[Short descriptive text snippets]
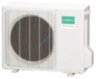 Сплит-система GENERAL AUXG30KRLB/AOHG30KBTB
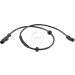 A.B.S. ABS Sensor 30685 A.B.S. ABS Sensor 30685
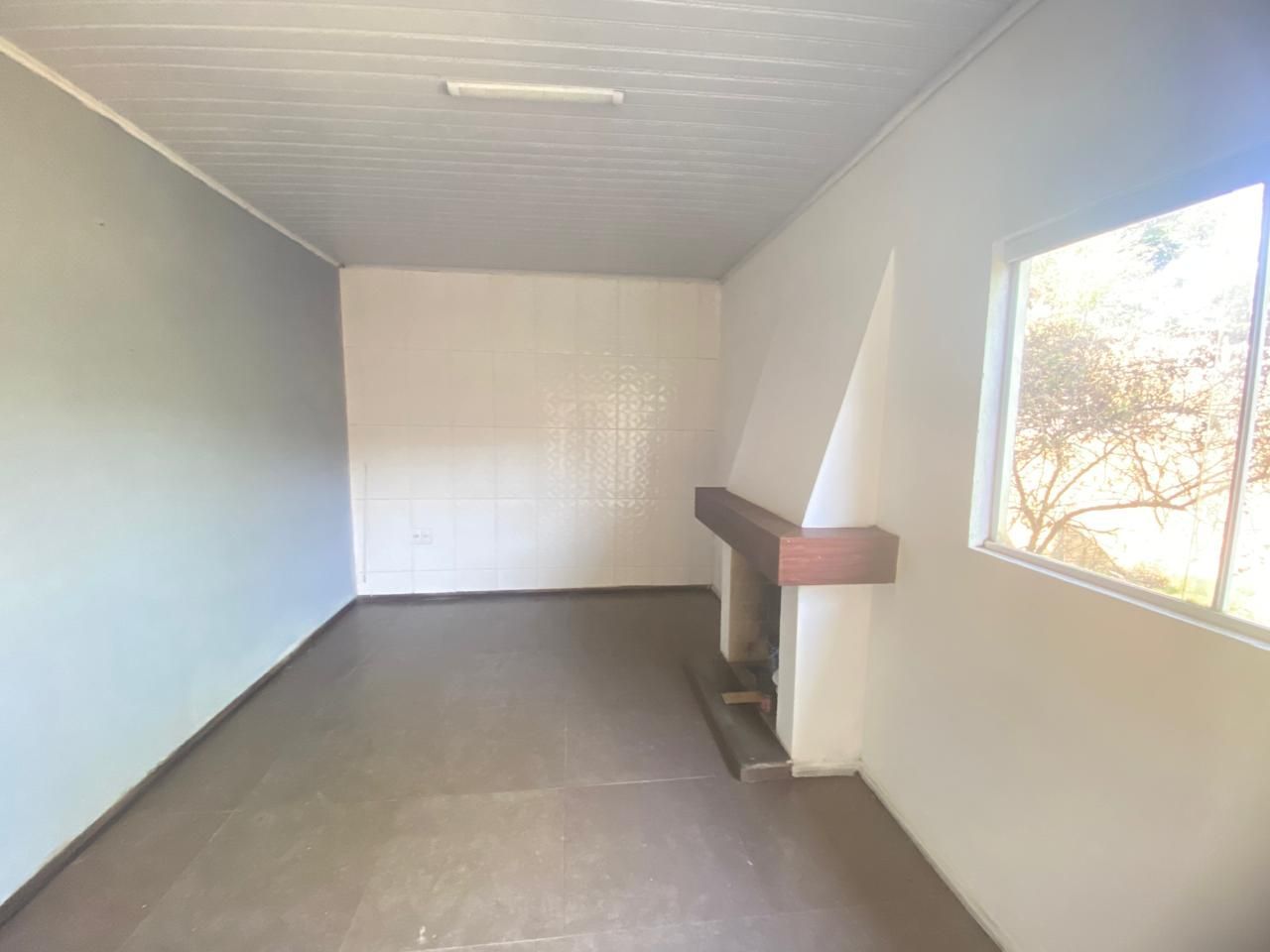 Casa, 2 quartos, 80 m² - Foto 1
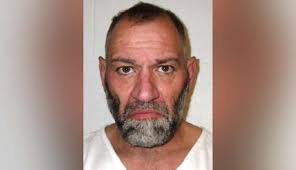 Inmate who pleaded guilty to human trafficking tells parole board 'it just  didn't happen'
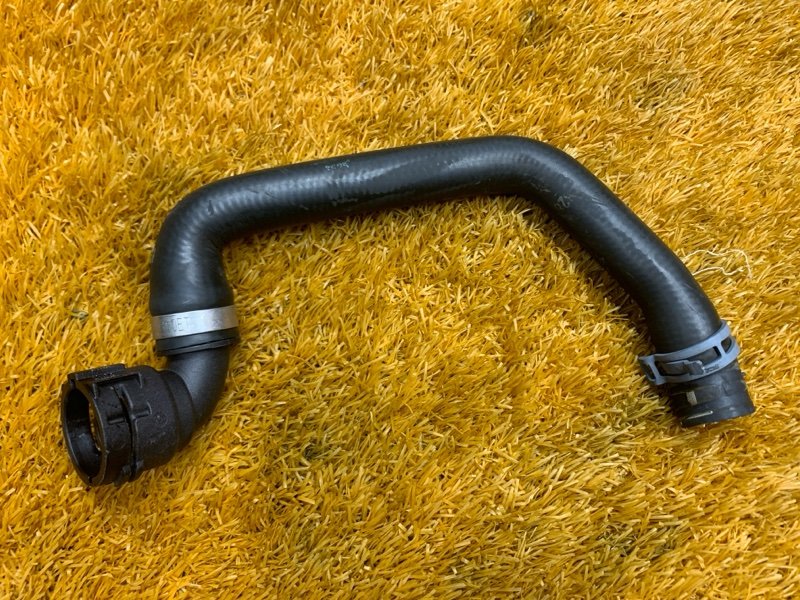 Патрубок системы охлаждения, 500 рублей, Красноярск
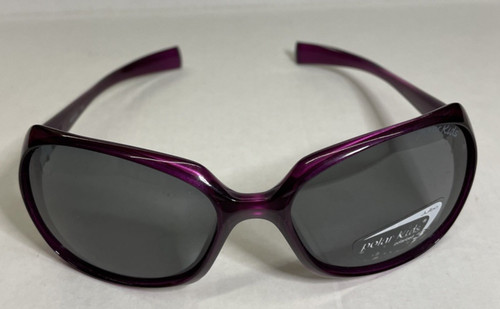 Lunettes soleil julbo - de,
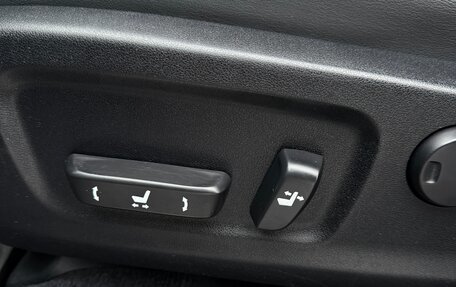 Lexus RX IV рестайлинг, 2021 год, 4 999 999 рублей, 10 фотография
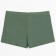 Bathing swimming trunks for the boy Minaku "Sport" Color Green, height 146-152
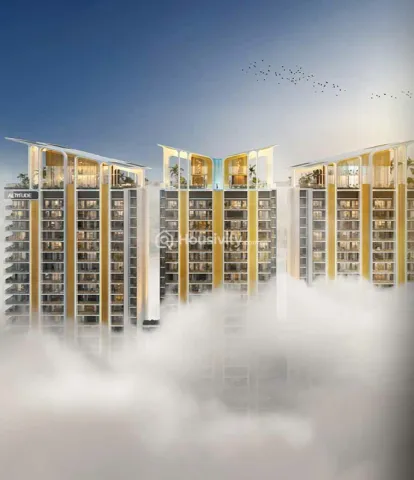 M3M Altitude Image 14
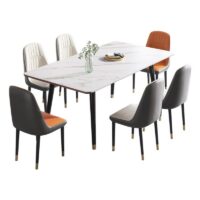 Marble home picnic table, marble picnic dining table, modern marble picnic table, indoor outdoor marble table, luxury marble picnic table, white marble picnic table, stone picnic table for home, marble tabletop picnic table, elegant marble dining table, contemporary picnic table marble, family picnic table marble, rectangular marble picnic table, durable marble picnic table, premium marble home table, marble garden picnic table, marble patio picnic table, stylish marble picnic table, solid marble picnic table, marble dining picnic set, minimalist marble picnic table, home outdoor marble table, marble picnic table furniture, upscale marble picnic table, polished marble picnic table, marble table for home picnic, classic marble picnic table, marble picnic table design, heavy duty marble picnic table, marble slab picnic table, modern home picnic table marble, marble picnic table for backyard, marble picnic table for patio, marble picnic table seating, marble picnic table decor, marble picnic table top, luxury home picnic table, marble picnic table for family use, weather resistant marble picnic table, marble picnic table craftsmanship, marble picnic table lifestyle, elegant home picnic table marble, marble picnic table aesthetic, marble picnic table modern style, marble picnic table premium finish, marble picnic table interior exterior, marble picnic table home furniture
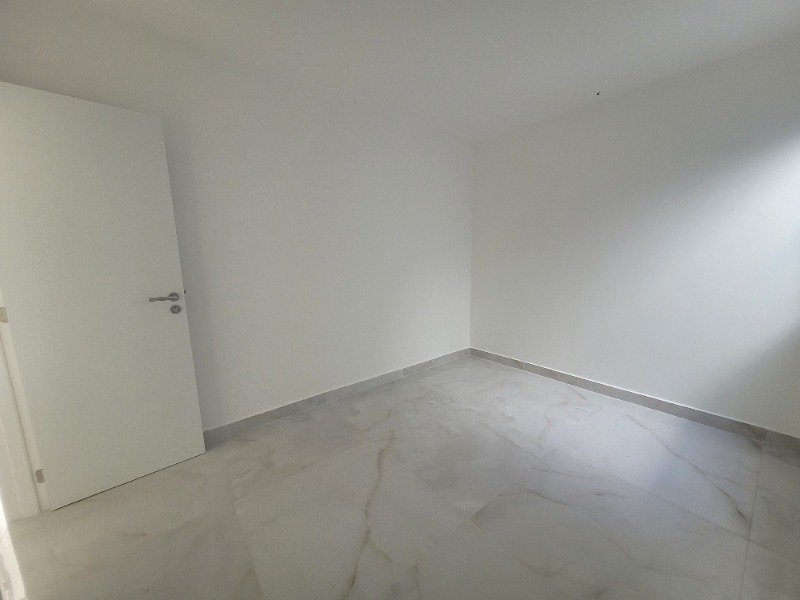 Casa, 3 quartos, 150 m² - Foto 20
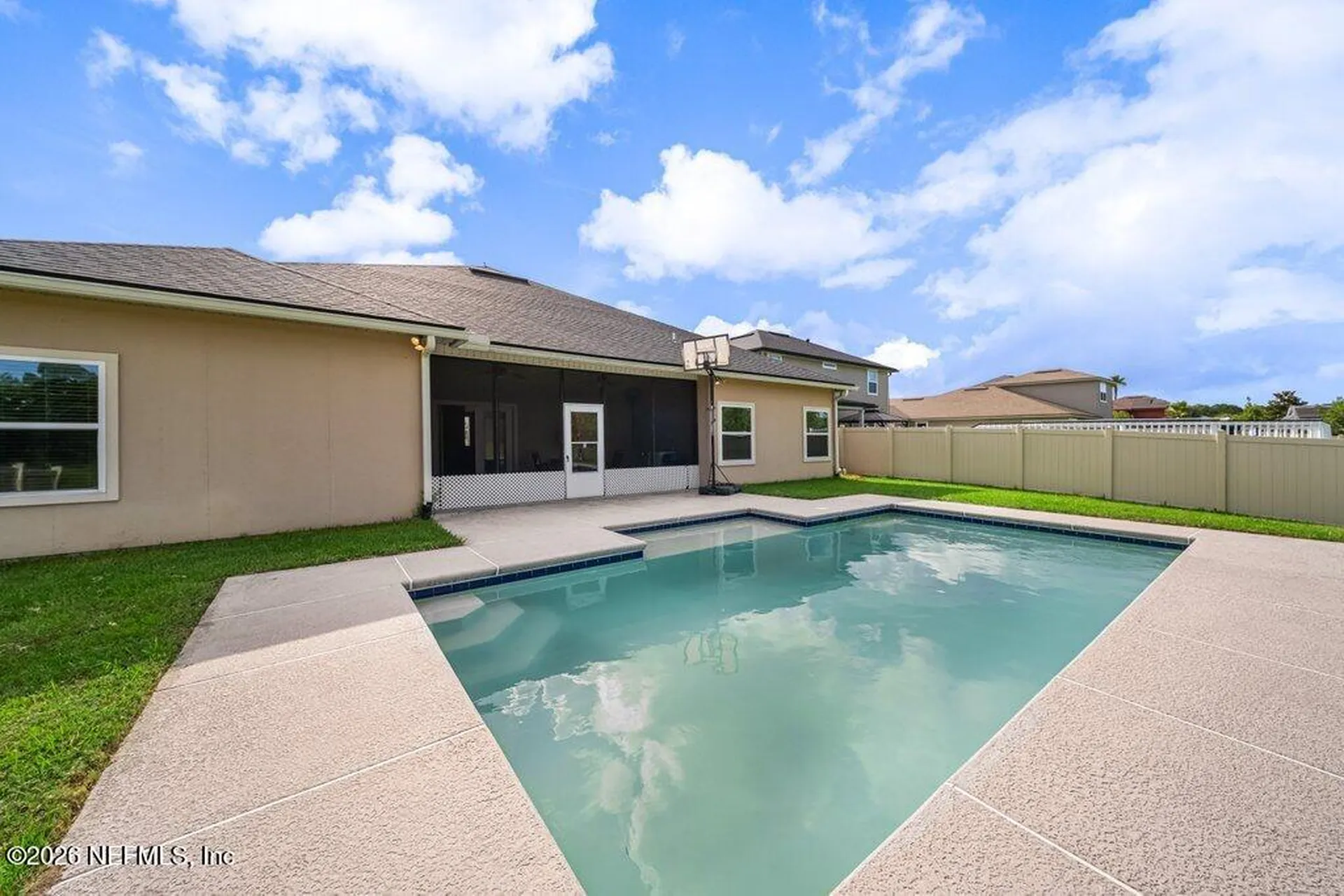 2999 Vianey Place Green Cove Springs FL 32043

[WORK ORDER]
Output every line of the records exactly, excluding all pictures.

[OUTPUT]
 Сплит-система GENERAL AUXG30KRLB/AOHG30KBTB
 A.B.S. ABS Sensor 30685 A.B.S. ABS Sensor 30685
 Casa, 2 quartos, 80 m² - Foto 1
 Inmate who pleaded guilty to human trafficking tells parole board 'it just  didn't happen'
 Патрубок системы охлаждения, 500 рублей, Красноярск
 Lunettes soleil julbo - de,
 Lexus RX IV рестайлинг, 2021 год, 4 999 999 рублей, 10 фотография
 Bathing swimming trunks for the boy Minaku "Sport" Color Green, height 146-152
 M3M Altitude Image 14
 Marble home picnic table, marble picnic dining table, modern marble picnic table, indoor outdoor marble table, luxury marble picnic table, white marble picnic table, stone picnic table for home, marble tabletop picnic table, elegant marble dining table, contemporary picnic table marble, family picnic table marble, rectangular marble picnic table, durable marble picnic table, premium marble home table, marble garden picnic table, marble patio picnic table, stylish marble picnic table, solid marble picnic table, marble dining picnic set, minimalist marble picnic table, home outdoor marble table, marble picnic table furniture, upscale marble picnic table, polished marble picnic table, marble table for home picnic, classic marble picnic table, marble picnic table design, heavy duty marble picnic table, marble slab picnic table, modern home picnic table marble, marble picnic table for backyard, marble picnic table for patio, marble picnic table seating, marble picnic table decor, marble picnic table top, luxury home picnic table, marble picnic table for family use, weather resistant marble picnic table, marble picnic table craftsmanship, marble picnic table lifestyle, elegant home picnic table marble, marble picnic table aesthetic, marble picnic table modern style, marble picnic table premium finish, marble picnic table interior exterior, marble picnic table home furniture
 Casa, 3 quartos, 150 m² - Foto 20
 2999 Vianey Place Green Cove Springs FL 32043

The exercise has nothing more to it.